Abstract: Magnetism Beyond the XY Paradigm in Monolayer CrCl₃
The emergence of magnetic order in monolayer van der Waals (vdW) materials has opened a new experimental platform for revisiting fundamental predictions of low-dimensional spin models. In particular, chromium trihalides provide a tunable family of layered magnets in which magnetic anisotropy evolves systematically from out-of-plane (CrI₃, CrBr₃) to in-plane (CrCl₃), enabling access to the two-dimensional XY limit. Recent reports of XY-type critical scaling in CrCl₃ near the transition temperature (TKT) suggest that this material may host Berezinskii–Kosterlitz–Thouless (BKT) physics, including topological spin textures and spin superfluidity.
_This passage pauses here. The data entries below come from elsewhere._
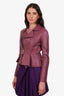 DSquared2 Purple Multi Zip Peplum Leather Jacket Size 42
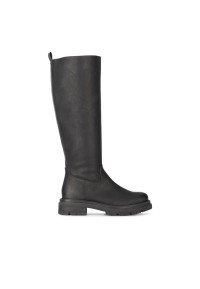 Zijkant van de PS Poelman JAE laars, close-up van de schacht en chunky zool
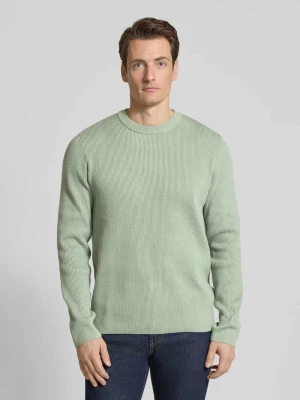 Sweter z dzianiny o kroju relaxed fit z okrągłym dekoltem lindbergh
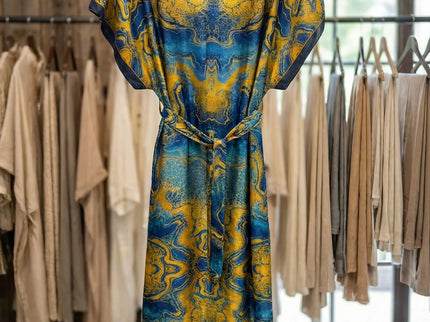 Luxe Jacquard Satin Kaftan with Print Detail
Here, we realise monolayer CrCl₃ under ultra-high vacuum conditions, forming well-defined vdW interfaces suitable for surface-sensitive probes. Using X-ray magnetic circular dichroism (XMCD), we directly probe the magnetic anisotropy and ordering in the monolayer limit, confirming a strong preference for in-plane spin alignment consistent with XY behaviour. Despite the expected vanishingly small in-plane anisotropy, we observe robust magnetic signals that persist after the application of magnetic fields and at temperatures above TKT. These observations indicate deviations from the ideal XY model in the thermodynamic limit, highlighting the role of finite-size effects, slow spin dynamics, or residual symmetry-breaking interactions in stabilising magnetic correlations. Our results establish monolayer CrCl₃ as a promising platform for exploring two-dimensional magnetism and provide important constraints on the realisation of BKT physics in experimental vdW systems.